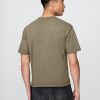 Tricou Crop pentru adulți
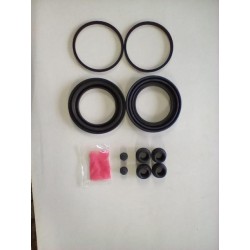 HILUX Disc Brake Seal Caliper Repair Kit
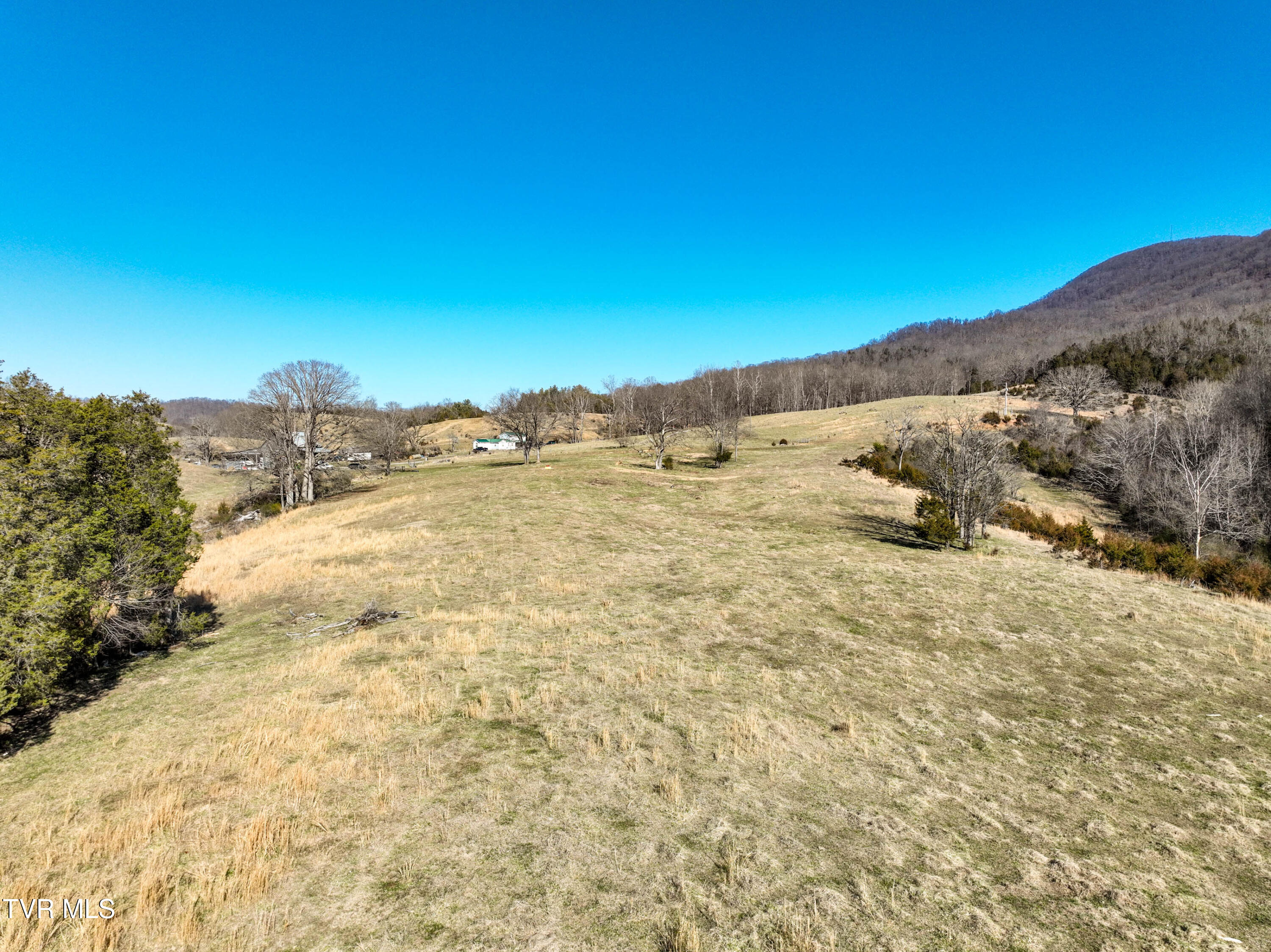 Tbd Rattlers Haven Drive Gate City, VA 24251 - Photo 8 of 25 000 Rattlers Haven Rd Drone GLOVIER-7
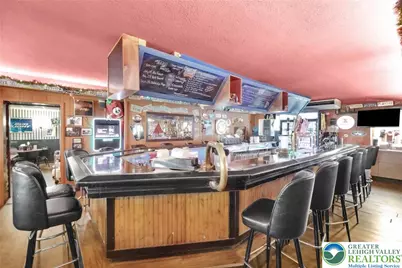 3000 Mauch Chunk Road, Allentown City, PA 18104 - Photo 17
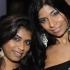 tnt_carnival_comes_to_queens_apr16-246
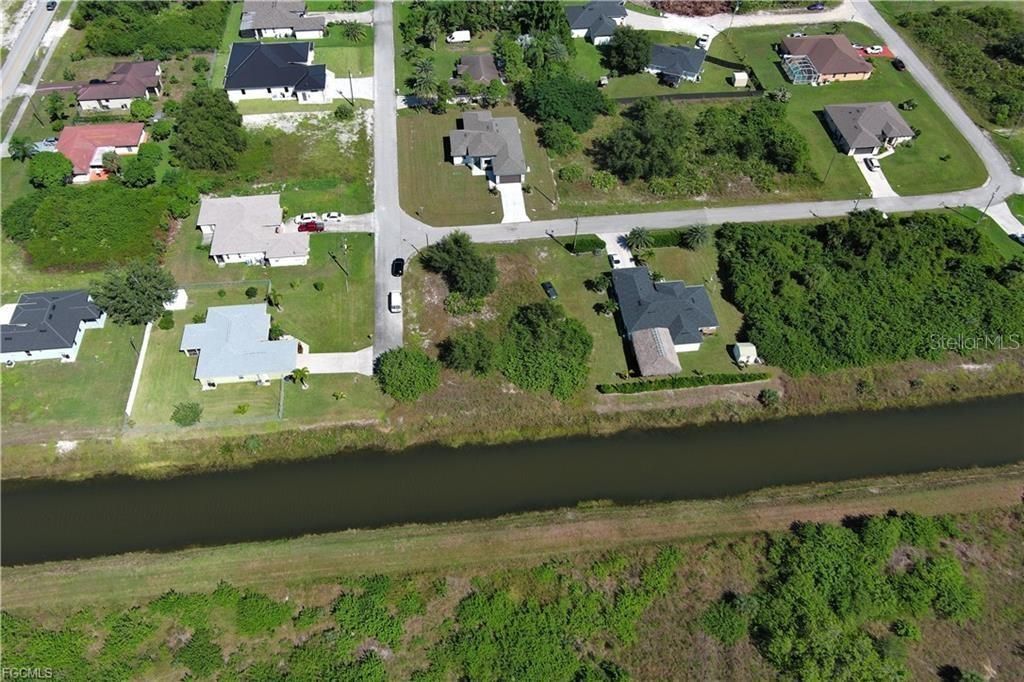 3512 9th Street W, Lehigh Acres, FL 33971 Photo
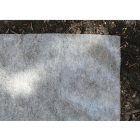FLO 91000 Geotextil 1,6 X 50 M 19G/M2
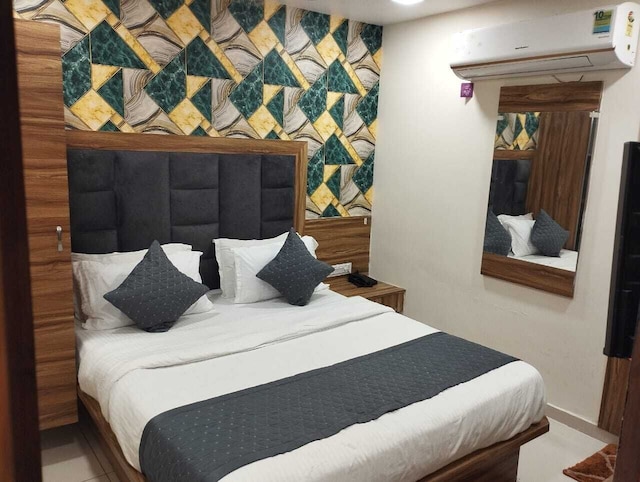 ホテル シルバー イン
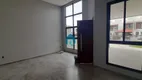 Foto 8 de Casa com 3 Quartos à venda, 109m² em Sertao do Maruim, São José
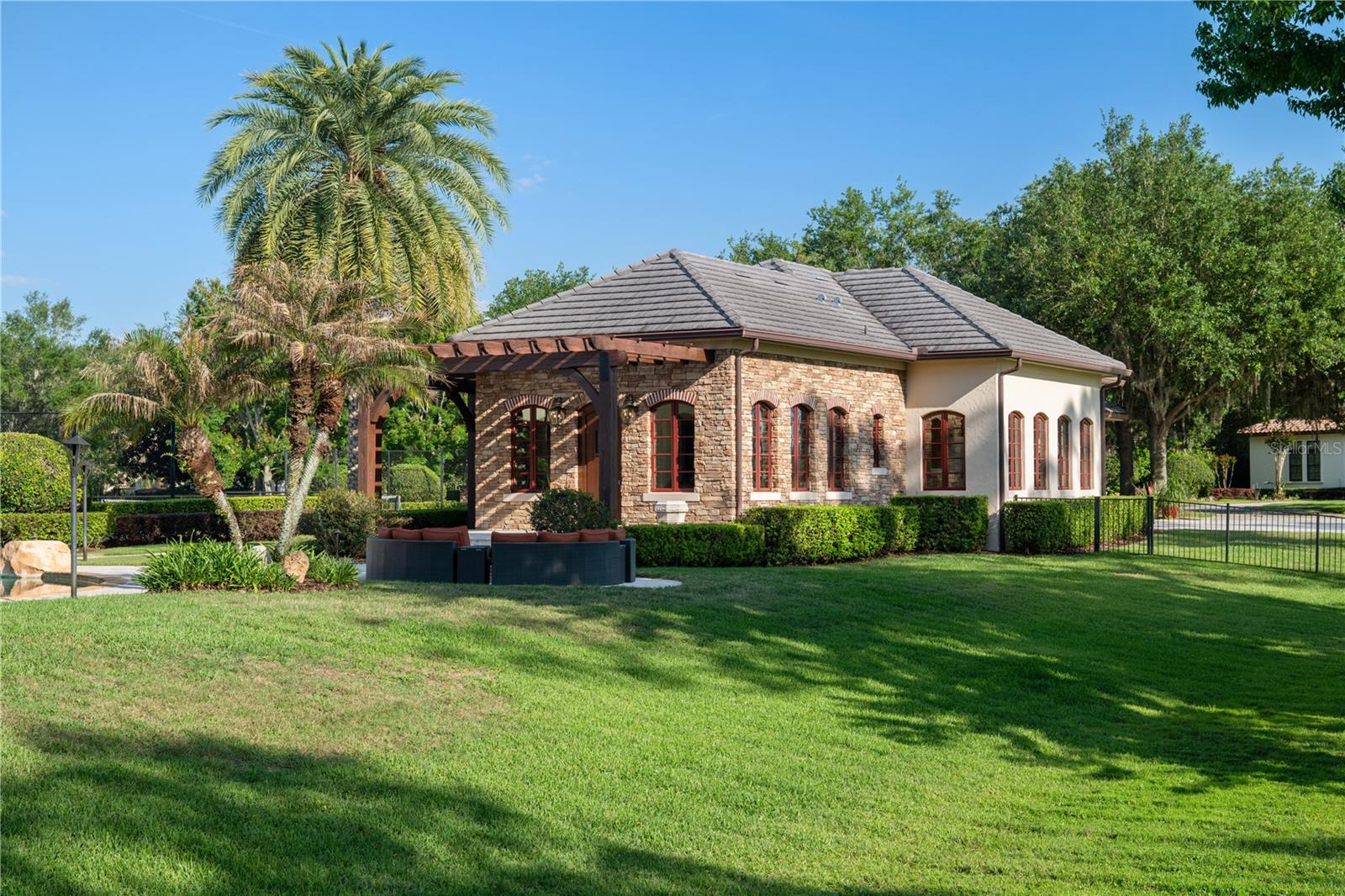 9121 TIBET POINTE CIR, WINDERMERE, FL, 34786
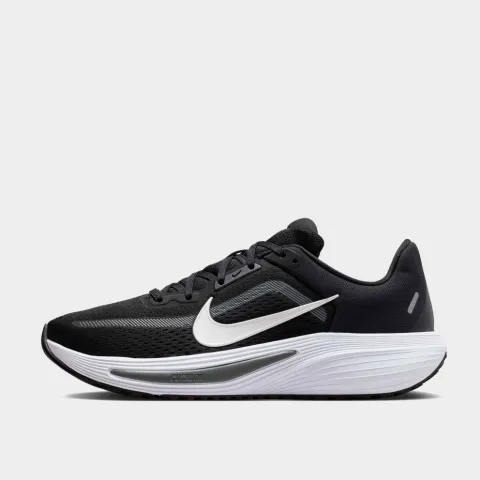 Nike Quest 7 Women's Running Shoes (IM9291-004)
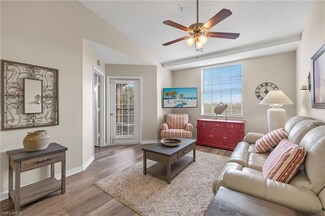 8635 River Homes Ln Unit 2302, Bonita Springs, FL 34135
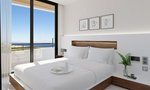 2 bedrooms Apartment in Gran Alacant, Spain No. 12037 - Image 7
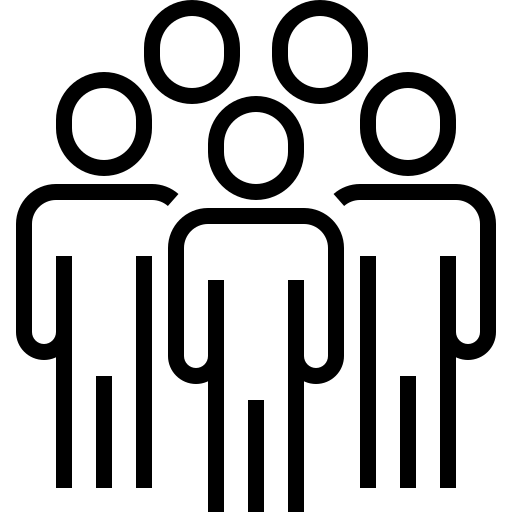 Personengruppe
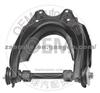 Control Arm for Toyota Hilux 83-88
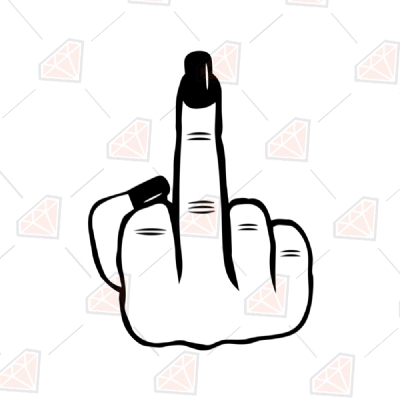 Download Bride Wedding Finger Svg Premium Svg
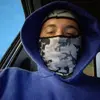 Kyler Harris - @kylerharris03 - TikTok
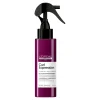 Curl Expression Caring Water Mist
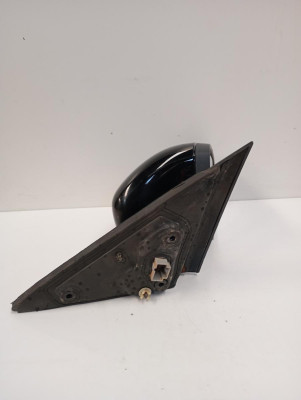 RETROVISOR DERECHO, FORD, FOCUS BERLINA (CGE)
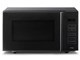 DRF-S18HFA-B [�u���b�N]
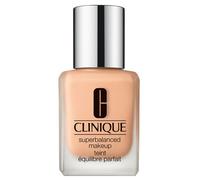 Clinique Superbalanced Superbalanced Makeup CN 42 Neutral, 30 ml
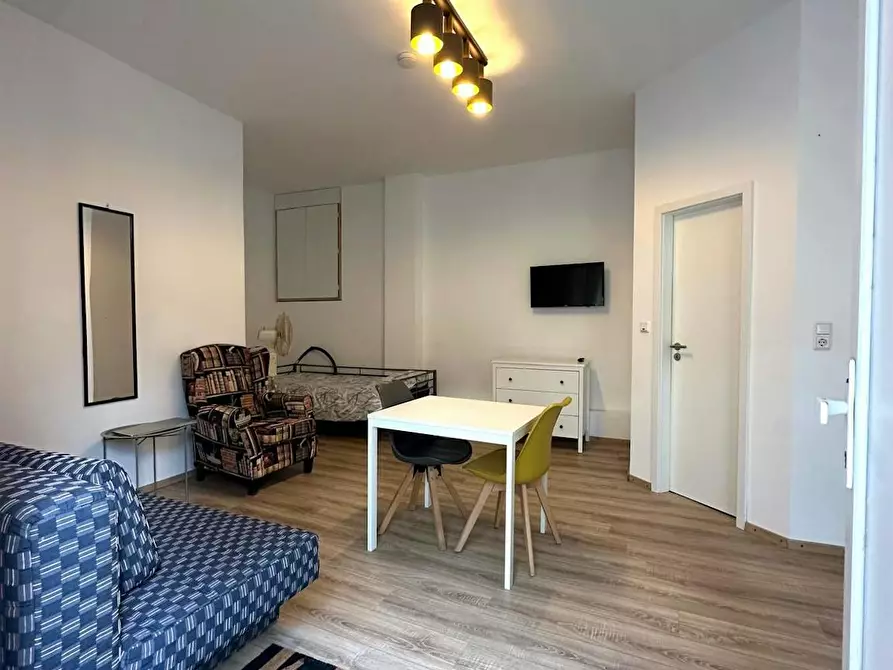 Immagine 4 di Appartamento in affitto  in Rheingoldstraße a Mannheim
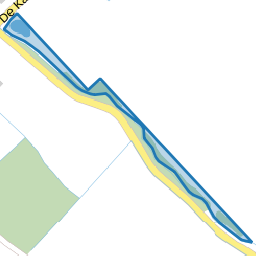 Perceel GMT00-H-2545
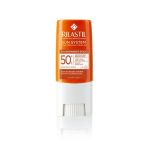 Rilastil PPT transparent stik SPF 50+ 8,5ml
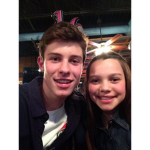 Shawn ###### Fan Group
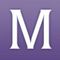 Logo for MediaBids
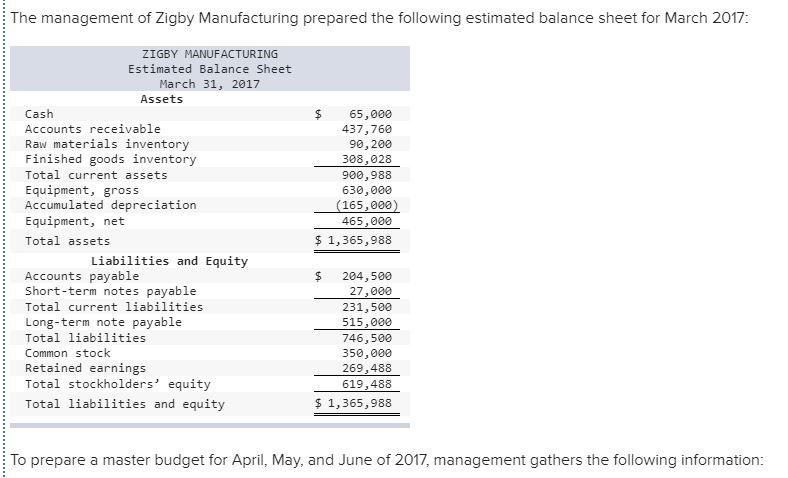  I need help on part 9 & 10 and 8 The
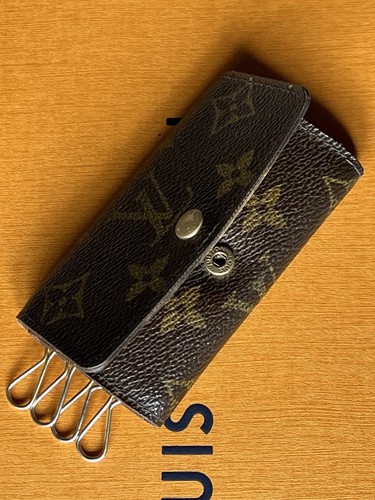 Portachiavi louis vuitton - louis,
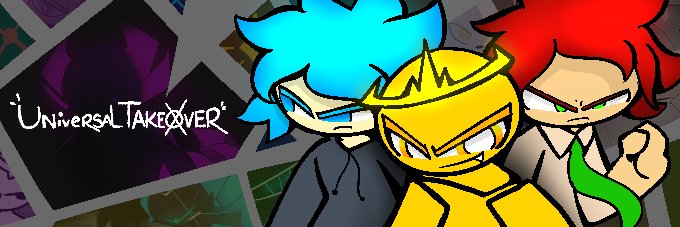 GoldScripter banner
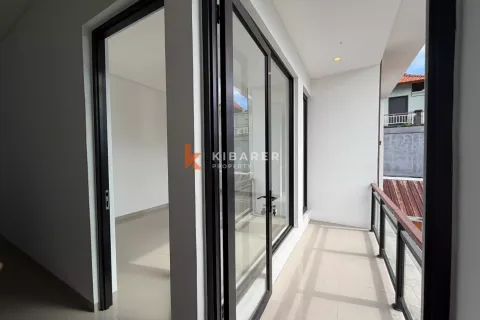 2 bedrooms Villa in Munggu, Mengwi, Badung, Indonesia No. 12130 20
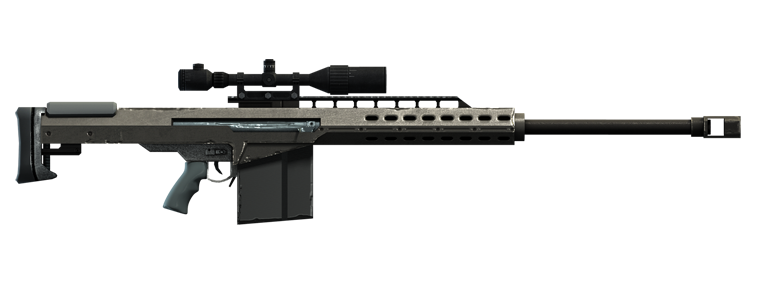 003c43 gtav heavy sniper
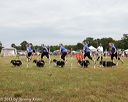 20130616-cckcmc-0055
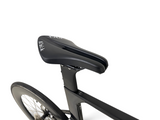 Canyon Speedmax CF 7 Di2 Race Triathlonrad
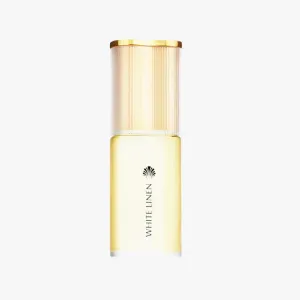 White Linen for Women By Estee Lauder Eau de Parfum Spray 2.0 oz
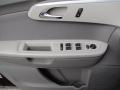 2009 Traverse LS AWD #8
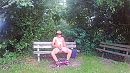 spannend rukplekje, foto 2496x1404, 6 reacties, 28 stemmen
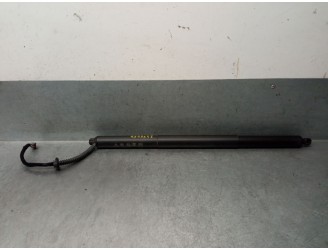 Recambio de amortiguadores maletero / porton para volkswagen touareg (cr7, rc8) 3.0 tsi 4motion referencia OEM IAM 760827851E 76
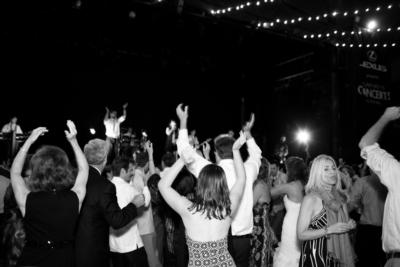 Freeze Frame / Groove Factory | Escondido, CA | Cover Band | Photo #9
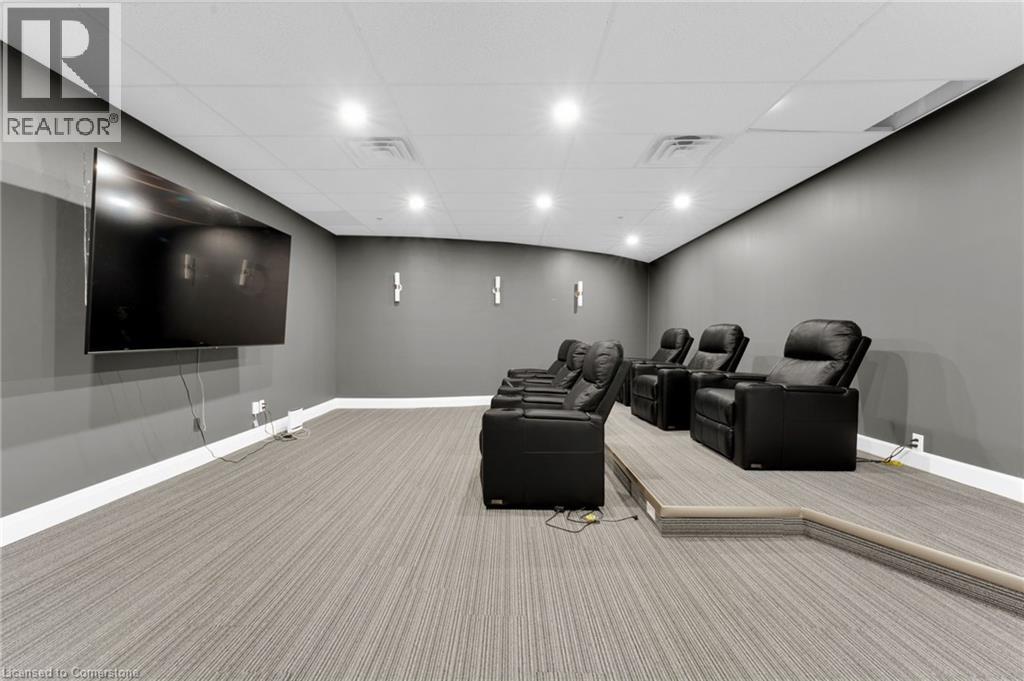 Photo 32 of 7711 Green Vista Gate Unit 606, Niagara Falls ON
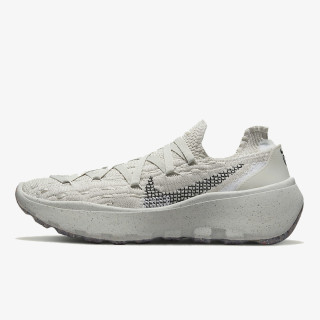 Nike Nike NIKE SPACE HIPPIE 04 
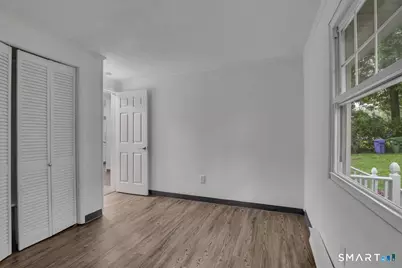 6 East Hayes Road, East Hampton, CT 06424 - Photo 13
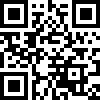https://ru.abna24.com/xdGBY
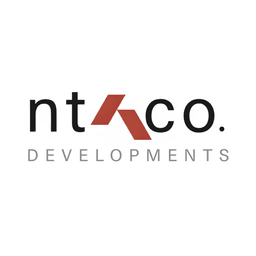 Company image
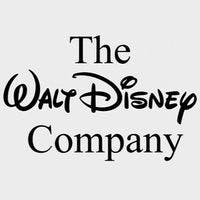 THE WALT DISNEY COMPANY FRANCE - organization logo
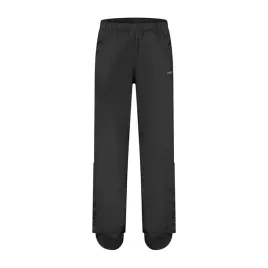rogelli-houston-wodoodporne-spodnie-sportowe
+++
■ What you need to do ■
Given the entries above, transcribe exactly the lines from the one holding "ホテル シルバー イン" through the one holding "DRF-S18HFA-B [�u���b�N]"; pictures do not belong in the transcription.

■ Exercise response ■
 ホテル シルバー イン
 Foto 8 de Casa com 3 Quartos à venda, 109m² em Sertao do Maruim, São José
 9121 TIBET POINTE CIR, WINDERMERE, FL, 34786
 Nike Quest 7 Women's Running Shoes (IM9291-004)
 8635 River Homes Ln Unit 2302, Bonita Springs, FL 34135
 2 bedrooms Apartment in Gran Alacant, Spain No. 12037 - Image 7
 Personengruppe
 Control Arm for Toyota Hilux 83-88
 Download Bride Wedding Finger Svg Premium Svg
 Kyler Harris - @kylerharris03 - TikTok
 Curl Expression Caring Water Mist
 RETROVISOR DERECHO, FORD, FOCUS BERLINA (CGE)
 DRF-S18HFA-B [�u���b�N]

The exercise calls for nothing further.